-- Given records follows --

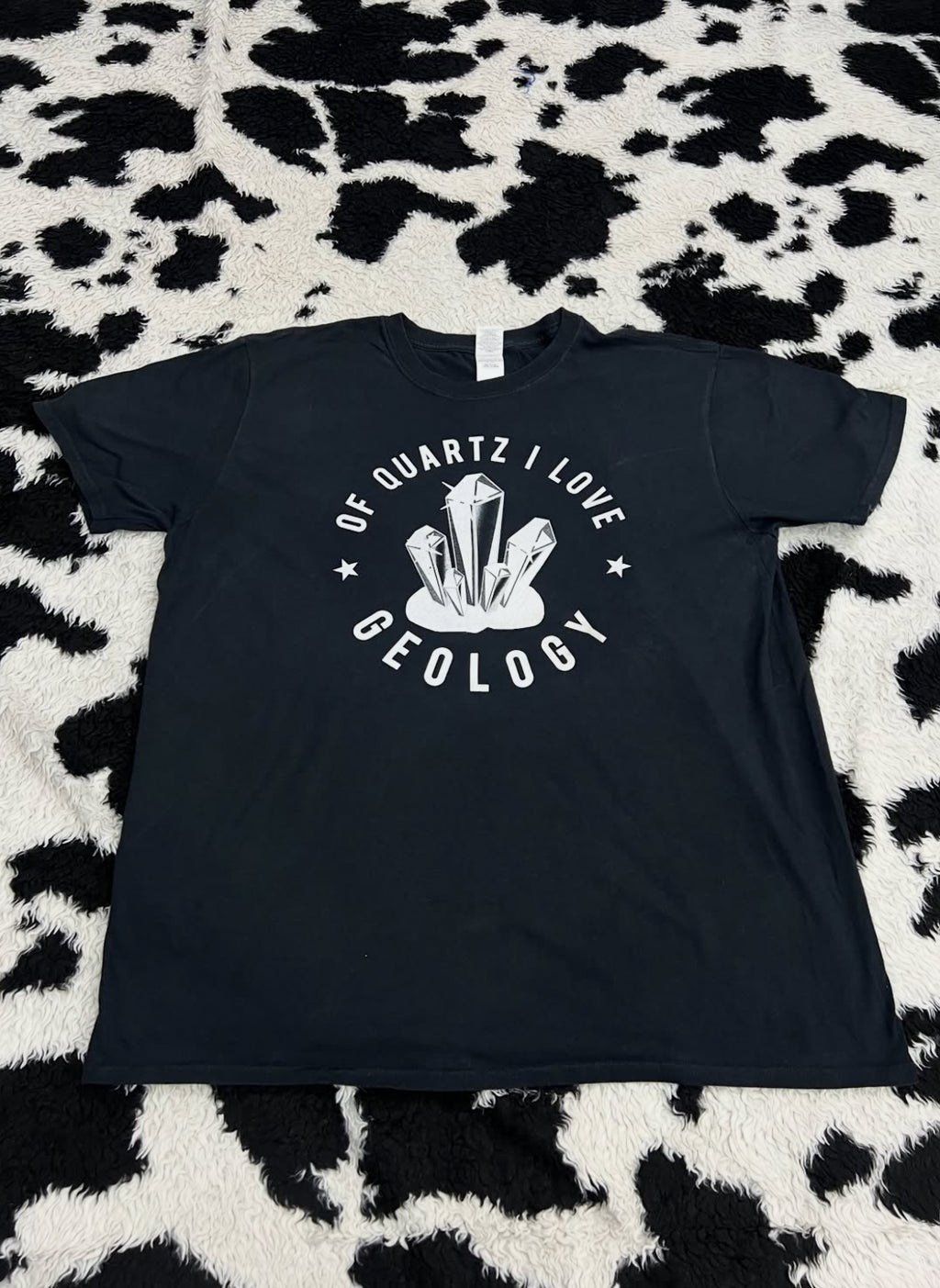 "I love Geology of Quartz" Crystals Tee (Large)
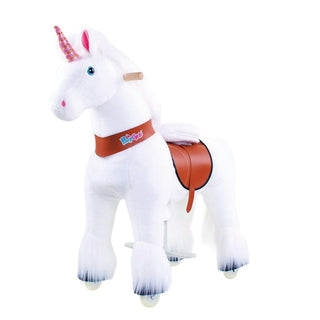 Model U Unicorn Ride-On Toy Age 3-5 White | Plushie Depot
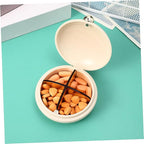 2Pcs Portable Small Sealing Case Travel Organizer Compact Compartment Container for Medicines Vitamins with Airtight Preservation Design Lightweight and Convenient Go Use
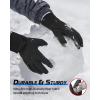 imageATERCEL Winter Gloves Men Women Waterproof Cold Weather Gloves for Women Men Touchscreen Gloves for Running Driving Cycling Skiing Skating and Snow Warm Fleece Gloves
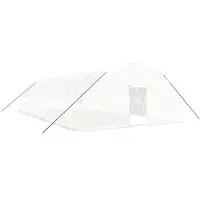 vidaXL Serre avec cadre en acier blanc 72 m² 12x6x2,85 m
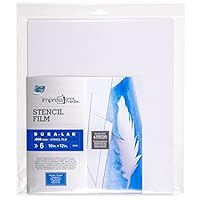 Algopix Similar Product 13 - Grafix Impress Stencil Films, 10"X12"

-- Given records concluded --

=== Exercise requirements ===
Repeat all of the data above word for word, minus the pictures.

=== Answer section ===
 "I love Geology of Quartz" Crystals Tee (Large)
 Model U Unicorn Ride-On Toy Age 3-5 White | Plushie Depot
 2Pcs Portable Small Sealing Case Travel Organizer Compact Compartment Container for Medicines Vitamins with Airtight Preservation Design Lightweight and Convenient Go Use
 imageATERCEL Winter Gloves Men Women Waterproof Cold Weather Gloves for Women Men Touchscreen Gloves for Running Driving Cycling Skiing Skating and Snow Warm Fleece Gloves
 vidaXL Serre avec cadre en acier blanc 72 m² 12x6x2,85 m
 Algopix Similar Product 13 - Grafix Impress Stencil Films, 10"X12"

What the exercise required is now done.